But it was the accessibility options that I was most interested in. This is just some of what it can do. I’m still discovering its capabilities.

  • There is a function where you can learn the remote control. You can get the television to tell you which button you are pressing on the remote and that helps you to learn and remember.
  • A picture of the remote control can come up on the screen if you like, and you can see the buttons in a much larger form.
  • You can program it so the television will tell you which menu choice you are setting.
  • The font on menus can be enlarged and/or the colors inverted.
  • Each time you turn it on, it can come up with a big clock with the time and date. I know my dad was always asking me, “Wendy, what day is it and what time is it?” because he couldn’t quite make out his calendar and watch as his sight deteriorated with wet macular degeneration.
  • You can zoom in on the screen to make the picture or text bigger. You can adjust and move the zoom area.
  • It also has Google Assistant and Alexa for voice control. I haven’t got to them yet. I read somewhere “be careful what you say in front of your smart tv – it is listening!” I need to check that out a bit more!
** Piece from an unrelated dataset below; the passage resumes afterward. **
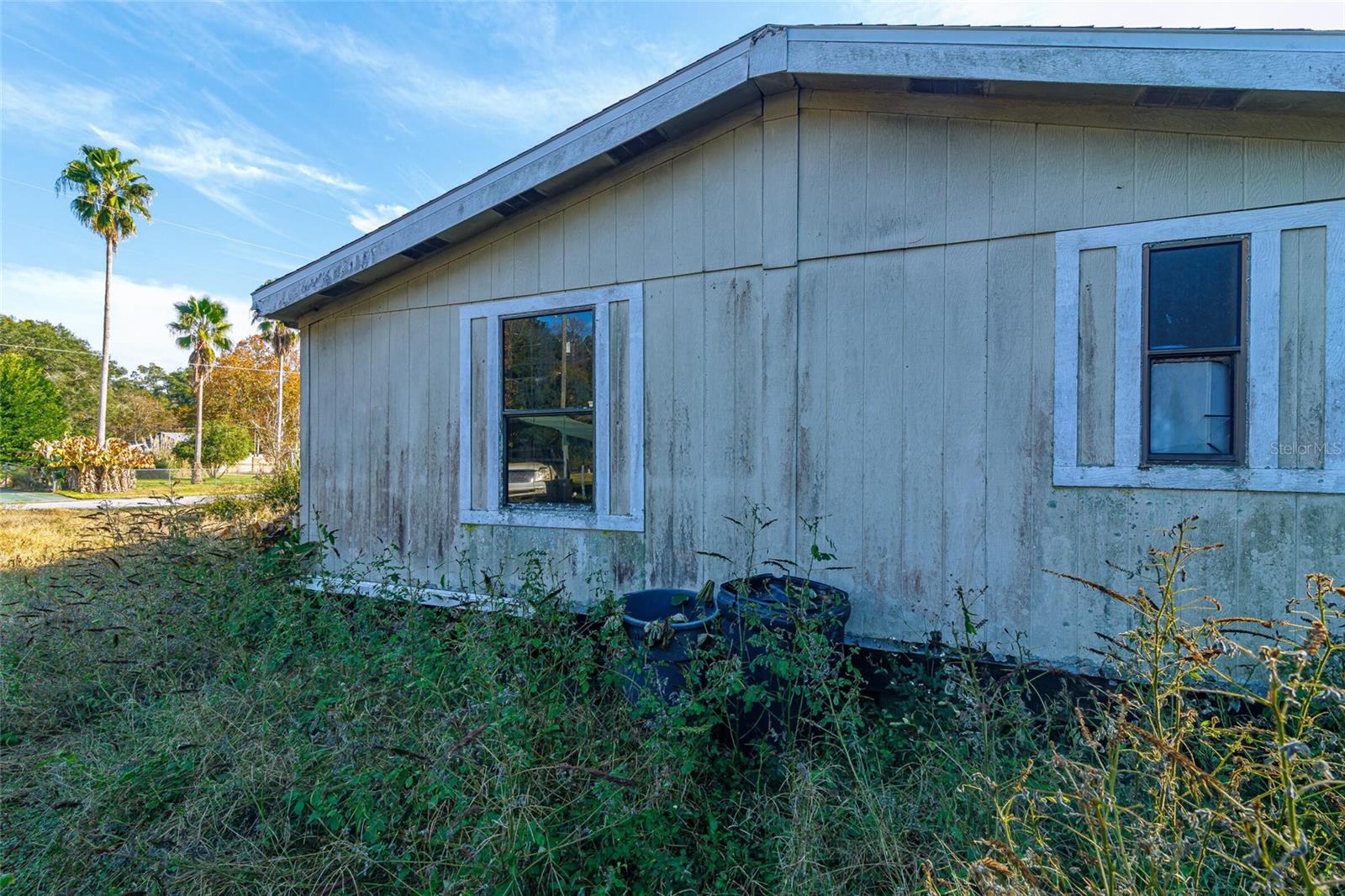 Image 17 of 51 For 13114 32nd Court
What about the bionic eye?

You must be wondering by now where the bionic eye comes in. Well, after I had tuned in the television to the best of my ability, I managed somehow to connect a set-top box (which did induce tears!)

Then I decided it was time to view my first full program. I turned on the set and the first show that came up was from the BBC. It was about a trial of a bionic eye for a person with macular degeneration. I thought “how serendipitous this is” and I watched the show. I couldn’t remember it all, so I later found the article online relating to the trial.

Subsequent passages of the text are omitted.